Return of the pronouns
Leaving aside passages in which he quoted a Chicago pub owner and a letter from a citizen from Georgia, President Barack Obama used the first person singular—including the pronouns “I” and “me” and the adjective “my”—91 times in a speech he delivered in Chicago Tuesday to explain his unilateral action on immigration.
CNS has been a frequent, if irregular, contributor to the pronoun hunt, so it tends to be impressed by the raw tally, rather than the proportion:
But as often as Obama used “I,” “me” and “my” in Chicago this week, it was no match for the speech he delivered in Austin, Texas, on July 10, when he used the first person singular 199 times.
The original contribution here is the apparent effort to link pronoun counts to the content of the speech:
In that Texas speech, however, Obama had not focused specifically on immigration policy. In that speech, Obama had explained his intention to act unilaterally wherever he could.

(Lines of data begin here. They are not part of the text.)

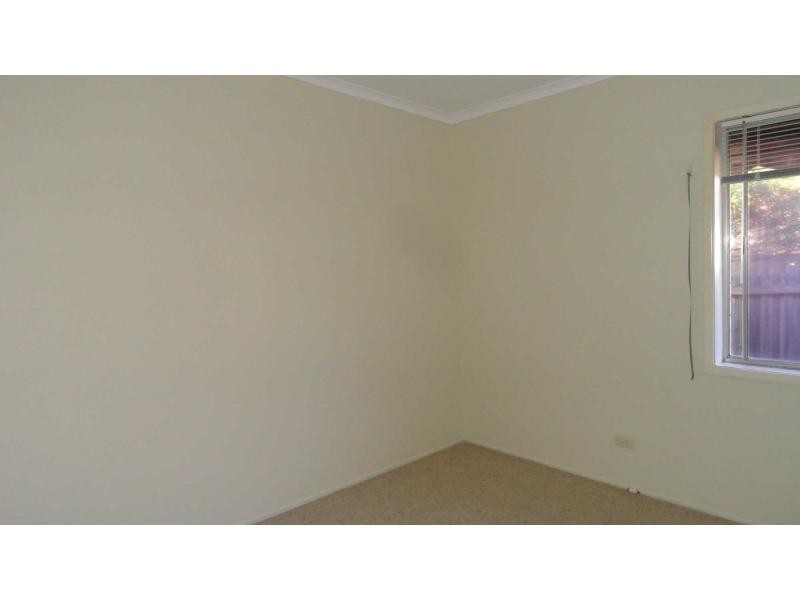 21 Raquel Avenue, Springwood QLD 4127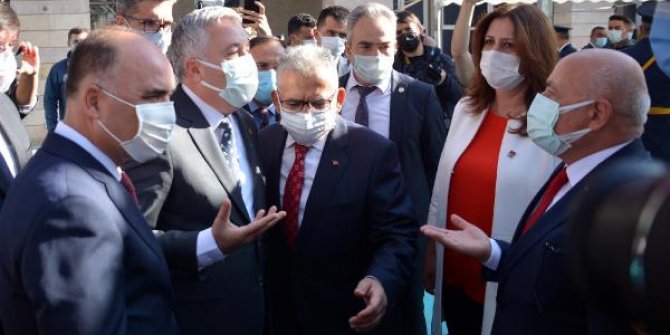 Kayseri'de, 29 Ekim Cumhuriyet Bayramı törenle kutlandı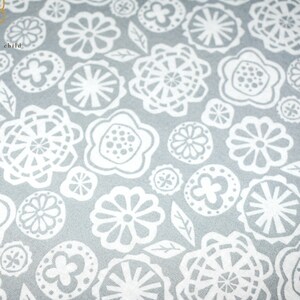 Hoja de cuna de flores modernas y grises, ropa de cama de vivero floral, hoja de cuna ajustada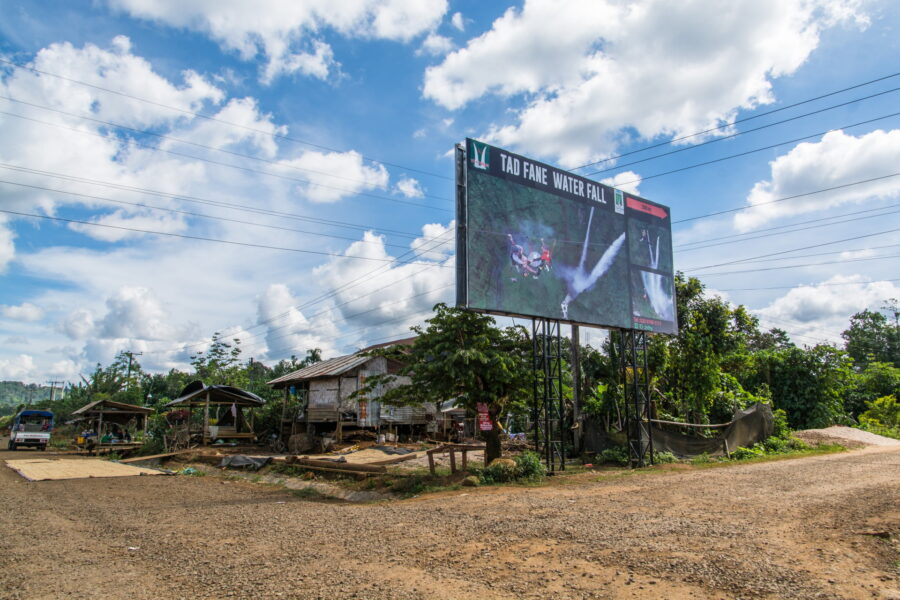 panneau indiquant chemin vers tad fane laos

... On Tuesday, in Chicago, Obama said: “This isn’t amnesty, or legalization, or even a pathway to citizenship--because that's not something I can do.”
chase.
Is it just going to spoil everyone's dinner to point out that this speech (one FPSP every 46 words, the penultimate graf points out) comes in lower than Obama's overall average?* Or that the frequency in the Libya speech CNS cites is even lower, at 1.8%? Or that a pronoun-count drinking game for the State of the Union address is likely to be the dullest drinking game in presidential history?
WARNING: Pres. Obama has been known to use the personal pronouns "I" or "me" more than a hundred times in a single speech. Please drink responsibly.
Anyway: No, the pronouns didn't go away after the election. Why would anyone think they would?
* Thanks, as always, to the indefatigable chroniclers of pronoun mania over to Language Log.